为实现上述目的,本发明采用的技术方案是:
一种五氧化二铌三维掺杂石墨烯复合材料及其制备方法和应用,包括以下步骤:
第一步、三维掺杂石墨烯前驱体溶液的制备:
将氧化石墨烯分散于足量的去离子水中,超声震荡使氧化石墨烯均匀分散开,得到氧化石墨烯分散液,按照氧化石墨烯、三聚氰胺、三聚硫氰酸、氯化铌的质量比为1:(0.1~2):(0.15~2):(1~10)向氧化石墨烯分散液中加入三聚氰胺粉体,搅拌均匀,然后加入三聚硫氰酸的乙醇溶液,搅拌均匀后备用;
第二步、五氧化二铌三维掺杂石墨烯复合材料的制备:
将第一步制备的三维掺杂石墨烯前驱体溶液倒入烧杯中,加入氯化铌搅拌均匀,然后转到聚四氟乙烯衬底的反应釜中,置于均相反应仪中在120~200℃进行水热反应4~36h;将水热产物用水和乙醇反复洗涤抽滤,冷冻干燥,待处理;
第三步、五氧化二铌三维掺杂石墨烯复合材料的后处理:
将第二步所得的五氧化二铌三维掺杂石墨烯复合材料进行热处理,在惰性气体保护下置于管式炉中,以5~10℃/min升温至600~1000℃进行热处理2~6h,热处理后在保护气氛下自然冷却,即得五氧化二铌三维掺杂石墨烯复合材料。
进一步,用于配置氧化石墨烯分散液去离子水与用于配置三聚硫氰酸乙醇溶液的乙醇体积比为(1~4):1。
进一步,所述第一步中两次搅拌温度为70~120℃,每次搅拌时间均为10~60min。
进一步,所述第二步中水热反应时反应釜的的填充比为40~75%。
一种五氧化二铌三维掺杂石墨烯复合材料。
一种五氧化二铌三维掺杂石墨烯复合作为电极材料的应用。
发明的有益效果体现在:
本发明采用水热法以及后续的高温煅烧,绿色安全并且制备出均匀的五氧化二铌三维掺杂石墨烯复合材料,合成方法简单,实验药品便宜易得,成本低廉;石墨烯在水热反应可原位自组装成三维状石墨烯,为比表面积大提供了可能;五氧化二铌与三维石墨烯复合大幅度改善了五氧化二铌的导电性差问题;同时N、S掺杂在石墨烯表面提供了更多的活性位点,细化了五氧化二铌的粒径,利于导电性能的提升。
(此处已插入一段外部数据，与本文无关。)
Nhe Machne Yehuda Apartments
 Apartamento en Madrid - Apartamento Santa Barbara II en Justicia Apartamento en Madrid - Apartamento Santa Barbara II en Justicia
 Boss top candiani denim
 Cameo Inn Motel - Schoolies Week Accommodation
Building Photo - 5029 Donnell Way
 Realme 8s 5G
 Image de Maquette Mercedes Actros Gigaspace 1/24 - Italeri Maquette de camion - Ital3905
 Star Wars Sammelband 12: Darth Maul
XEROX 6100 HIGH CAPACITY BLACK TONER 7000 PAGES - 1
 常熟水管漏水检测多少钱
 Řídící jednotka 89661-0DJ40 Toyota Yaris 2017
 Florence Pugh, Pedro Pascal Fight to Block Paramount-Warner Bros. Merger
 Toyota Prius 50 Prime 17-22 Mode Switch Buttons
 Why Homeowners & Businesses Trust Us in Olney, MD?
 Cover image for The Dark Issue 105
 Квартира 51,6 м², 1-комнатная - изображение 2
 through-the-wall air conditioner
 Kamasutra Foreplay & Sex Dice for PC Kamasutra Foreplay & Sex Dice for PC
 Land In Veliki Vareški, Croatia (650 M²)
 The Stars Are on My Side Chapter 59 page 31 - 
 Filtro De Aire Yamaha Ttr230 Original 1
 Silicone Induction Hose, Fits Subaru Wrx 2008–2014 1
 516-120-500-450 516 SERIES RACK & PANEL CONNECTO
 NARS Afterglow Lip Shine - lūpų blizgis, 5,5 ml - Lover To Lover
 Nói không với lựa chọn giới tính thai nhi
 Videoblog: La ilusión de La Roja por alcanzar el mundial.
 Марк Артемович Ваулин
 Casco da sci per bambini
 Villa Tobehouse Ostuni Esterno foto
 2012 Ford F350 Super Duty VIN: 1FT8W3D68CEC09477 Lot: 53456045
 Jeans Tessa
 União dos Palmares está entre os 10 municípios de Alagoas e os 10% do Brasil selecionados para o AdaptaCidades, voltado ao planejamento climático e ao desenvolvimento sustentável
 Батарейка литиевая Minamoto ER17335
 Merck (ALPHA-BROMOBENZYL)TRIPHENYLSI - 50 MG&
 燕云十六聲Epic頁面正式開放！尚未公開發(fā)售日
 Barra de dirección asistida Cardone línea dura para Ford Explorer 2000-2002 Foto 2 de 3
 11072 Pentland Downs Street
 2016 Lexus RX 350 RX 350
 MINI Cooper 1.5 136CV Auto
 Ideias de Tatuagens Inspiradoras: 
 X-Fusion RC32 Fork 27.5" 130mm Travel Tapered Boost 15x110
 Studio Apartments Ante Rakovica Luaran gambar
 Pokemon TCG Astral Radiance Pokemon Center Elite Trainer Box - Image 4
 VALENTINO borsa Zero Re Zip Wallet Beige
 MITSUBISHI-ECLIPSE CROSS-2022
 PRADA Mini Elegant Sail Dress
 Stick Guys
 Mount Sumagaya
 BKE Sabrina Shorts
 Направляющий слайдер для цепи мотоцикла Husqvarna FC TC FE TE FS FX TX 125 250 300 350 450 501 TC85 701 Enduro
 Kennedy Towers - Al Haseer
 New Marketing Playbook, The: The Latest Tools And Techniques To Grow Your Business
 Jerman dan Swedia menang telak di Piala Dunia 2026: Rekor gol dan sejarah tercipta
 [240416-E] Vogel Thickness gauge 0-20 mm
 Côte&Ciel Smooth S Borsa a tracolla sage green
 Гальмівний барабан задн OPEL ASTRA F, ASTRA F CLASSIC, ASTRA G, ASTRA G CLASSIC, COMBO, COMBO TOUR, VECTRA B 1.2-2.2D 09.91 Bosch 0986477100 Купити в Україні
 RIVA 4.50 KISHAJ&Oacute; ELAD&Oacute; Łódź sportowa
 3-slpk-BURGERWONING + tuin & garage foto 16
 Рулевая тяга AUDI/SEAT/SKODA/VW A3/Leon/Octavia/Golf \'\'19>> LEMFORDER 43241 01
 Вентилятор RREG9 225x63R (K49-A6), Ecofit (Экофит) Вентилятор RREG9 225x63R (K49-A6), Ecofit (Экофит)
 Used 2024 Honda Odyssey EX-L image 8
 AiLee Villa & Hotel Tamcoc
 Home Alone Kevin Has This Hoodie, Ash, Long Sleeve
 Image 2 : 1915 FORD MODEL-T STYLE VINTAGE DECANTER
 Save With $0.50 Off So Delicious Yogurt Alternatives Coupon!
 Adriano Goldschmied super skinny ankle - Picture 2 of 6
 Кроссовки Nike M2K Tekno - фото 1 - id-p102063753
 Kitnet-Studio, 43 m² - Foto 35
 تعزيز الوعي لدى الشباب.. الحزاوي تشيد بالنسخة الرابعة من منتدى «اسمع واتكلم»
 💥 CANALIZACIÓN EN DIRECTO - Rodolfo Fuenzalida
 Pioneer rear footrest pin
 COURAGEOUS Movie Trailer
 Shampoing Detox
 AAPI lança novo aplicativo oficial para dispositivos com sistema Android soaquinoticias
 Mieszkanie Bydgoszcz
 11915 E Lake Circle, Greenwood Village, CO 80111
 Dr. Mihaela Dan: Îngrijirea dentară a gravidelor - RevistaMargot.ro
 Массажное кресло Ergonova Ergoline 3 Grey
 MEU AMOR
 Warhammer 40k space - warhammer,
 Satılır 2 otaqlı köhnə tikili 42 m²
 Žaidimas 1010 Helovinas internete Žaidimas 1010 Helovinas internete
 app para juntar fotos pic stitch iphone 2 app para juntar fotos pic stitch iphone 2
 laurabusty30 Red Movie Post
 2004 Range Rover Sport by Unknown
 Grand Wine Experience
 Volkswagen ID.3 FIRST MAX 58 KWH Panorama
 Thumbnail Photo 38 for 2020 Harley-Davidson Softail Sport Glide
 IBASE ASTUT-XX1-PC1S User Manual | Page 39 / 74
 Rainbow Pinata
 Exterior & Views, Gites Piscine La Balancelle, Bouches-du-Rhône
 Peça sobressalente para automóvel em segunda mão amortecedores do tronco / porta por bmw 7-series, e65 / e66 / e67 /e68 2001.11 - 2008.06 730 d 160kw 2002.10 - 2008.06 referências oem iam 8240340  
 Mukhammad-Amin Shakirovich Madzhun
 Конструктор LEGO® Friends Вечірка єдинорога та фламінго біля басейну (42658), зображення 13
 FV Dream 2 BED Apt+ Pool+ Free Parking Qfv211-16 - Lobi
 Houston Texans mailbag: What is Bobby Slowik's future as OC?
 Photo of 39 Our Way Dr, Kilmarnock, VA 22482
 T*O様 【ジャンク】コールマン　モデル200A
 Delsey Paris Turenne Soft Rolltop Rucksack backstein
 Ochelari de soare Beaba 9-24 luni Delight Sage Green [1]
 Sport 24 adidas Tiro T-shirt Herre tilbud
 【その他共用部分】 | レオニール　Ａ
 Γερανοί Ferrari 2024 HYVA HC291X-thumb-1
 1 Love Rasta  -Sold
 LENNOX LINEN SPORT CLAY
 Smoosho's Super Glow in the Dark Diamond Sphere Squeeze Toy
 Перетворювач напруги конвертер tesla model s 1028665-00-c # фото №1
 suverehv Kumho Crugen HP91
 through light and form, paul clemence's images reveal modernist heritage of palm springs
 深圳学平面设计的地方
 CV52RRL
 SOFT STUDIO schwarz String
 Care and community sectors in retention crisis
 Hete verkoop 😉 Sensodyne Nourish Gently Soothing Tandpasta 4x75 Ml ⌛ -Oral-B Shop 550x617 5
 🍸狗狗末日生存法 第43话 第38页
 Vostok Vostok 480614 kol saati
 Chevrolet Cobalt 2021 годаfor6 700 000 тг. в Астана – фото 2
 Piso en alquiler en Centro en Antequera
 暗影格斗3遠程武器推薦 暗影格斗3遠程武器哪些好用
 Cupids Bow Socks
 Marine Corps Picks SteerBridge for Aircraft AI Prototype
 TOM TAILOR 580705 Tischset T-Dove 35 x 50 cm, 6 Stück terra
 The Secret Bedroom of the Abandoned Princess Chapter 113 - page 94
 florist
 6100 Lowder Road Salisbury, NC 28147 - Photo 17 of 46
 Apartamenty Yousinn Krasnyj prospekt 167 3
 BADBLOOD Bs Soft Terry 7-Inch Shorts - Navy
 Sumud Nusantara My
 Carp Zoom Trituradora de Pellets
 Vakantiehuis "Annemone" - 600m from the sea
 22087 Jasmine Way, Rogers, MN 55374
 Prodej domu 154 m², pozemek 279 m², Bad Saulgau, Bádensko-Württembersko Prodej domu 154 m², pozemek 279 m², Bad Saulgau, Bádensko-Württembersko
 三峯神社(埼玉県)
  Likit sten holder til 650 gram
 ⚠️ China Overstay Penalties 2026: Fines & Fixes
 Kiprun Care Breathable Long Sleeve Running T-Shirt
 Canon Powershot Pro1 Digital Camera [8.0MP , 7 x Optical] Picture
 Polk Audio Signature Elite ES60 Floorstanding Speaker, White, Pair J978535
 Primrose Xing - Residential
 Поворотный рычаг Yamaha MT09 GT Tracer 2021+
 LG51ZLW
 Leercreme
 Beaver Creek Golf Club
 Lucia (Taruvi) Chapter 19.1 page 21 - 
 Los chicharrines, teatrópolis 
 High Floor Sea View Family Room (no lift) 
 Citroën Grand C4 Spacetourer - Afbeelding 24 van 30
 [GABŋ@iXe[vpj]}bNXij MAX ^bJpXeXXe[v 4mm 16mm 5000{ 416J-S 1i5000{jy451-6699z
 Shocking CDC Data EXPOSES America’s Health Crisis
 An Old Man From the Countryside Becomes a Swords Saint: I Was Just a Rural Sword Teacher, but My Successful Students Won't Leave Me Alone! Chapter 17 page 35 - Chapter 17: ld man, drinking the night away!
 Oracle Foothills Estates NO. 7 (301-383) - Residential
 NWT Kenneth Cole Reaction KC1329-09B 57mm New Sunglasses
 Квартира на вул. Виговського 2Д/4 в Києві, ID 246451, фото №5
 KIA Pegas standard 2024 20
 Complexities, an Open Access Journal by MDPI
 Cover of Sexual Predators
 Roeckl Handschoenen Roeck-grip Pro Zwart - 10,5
所制备的五氧化二铌三维掺杂石墨烯复合材料,可在锂离子电池,锂硫电池,超级电容器以及电催化等领域应用,具有广阔的应用前景。
附图说明
图1a为实施例2所制备的五氧化二铌三维掺杂石墨烯复合材料的扫描电子显微(SEM)照片一
图1b为实施例2所制备的五氧化二铌三维掺杂石墨烯复合材料的扫描电子显微(SEM)照片二
图2为实施例2所制备的五氧化二铌三维掺杂石墨烯复合材料的X射线衍射(XRD)谱图
具体实施方式
下面结合具体实施例对本发明作进一步详细描述,但不作为对本发明的限定。
实施例1
第一步、三维掺杂石墨烯前驱体溶液的制备:
将0.1g氧化石墨烯分散于25ml去离子水中,超声震荡4h,离心取上层清液,使氧化石墨烯均匀分散开,得到氧化石墨烯分散液,加入0.1g三聚氰胺粉体,80℃搅拌至完全溶解,得到A液;另取0.15g三聚硫氰酸溶于25ml乙醇中,后得到B液;将B液缓慢加入A液中,70℃搅拌10min,搅拌均匀后备用。
第二步、五氧化二铌三维掺杂石墨烯复合材料的制备:
将第一步制备的三维掺杂石墨烯前驱体溶液倒入烧杯中,搅拌均匀,加入0.1g氯化铌,搅拌均匀,转到聚四氟乙烯衬底的反应釜中,填充比为45%,置于均相反应仪中进行水热反应120℃/12h;将水热产物用水和乙醇反复洗涤抽滤,冷冻干燥,待处理;
第三步、五氧化二铌三维掺杂石墨烯复合材料的后处理:
将第二步所得的五氧化二铌三维掺杂石墨烯复合材料进行热处理,在氩气保护下置于管式炉中,以5℃/min的升温速率升温到650℃保温2h。
实施例2
第一步、三维掺杂石墨烯前驱体溶液的制备:
将0.15g氧化石墨烯分散于50ml去离子水中,超声震荡4h,离心取上层清液,使氧化石墨烯均匀分散开,加入0.25g三聚氰胺粉体,80℃搅拌至完全溶解,得到A液;另取0.3g三聚硫氰酸溶于25ml乙醇中,后得到B液;将B液缓慢加入A液中,80℃搅拌20min,搅拌均匀后备用。
第二步、五氧化二铌三维掺杂石墨烯复合材料的制备:
将第一步制备的三维掺杂石墨烯前驱体溶液倒入烧杯中,搅拌均匀,加入0.2g氯化铌,搅拌均匀,转到聚四氟乙烯衬底的反应釜中,填充比为65%,置于均相反应仪中进行水热反应150℃/12h;将水热产物用水和乙醇反复洗涤抽滤,冷冻干燥,待处理;
第三步、五氧化二铌三维掺杂石墨烯复合材料的后处理:
将第二步所得的五氧化二铌三维掺杂石墨烯复合材料进行热处理,在氩气保护下置于管式炉中,以5℃/min的升温速率升温到650℃保温2h。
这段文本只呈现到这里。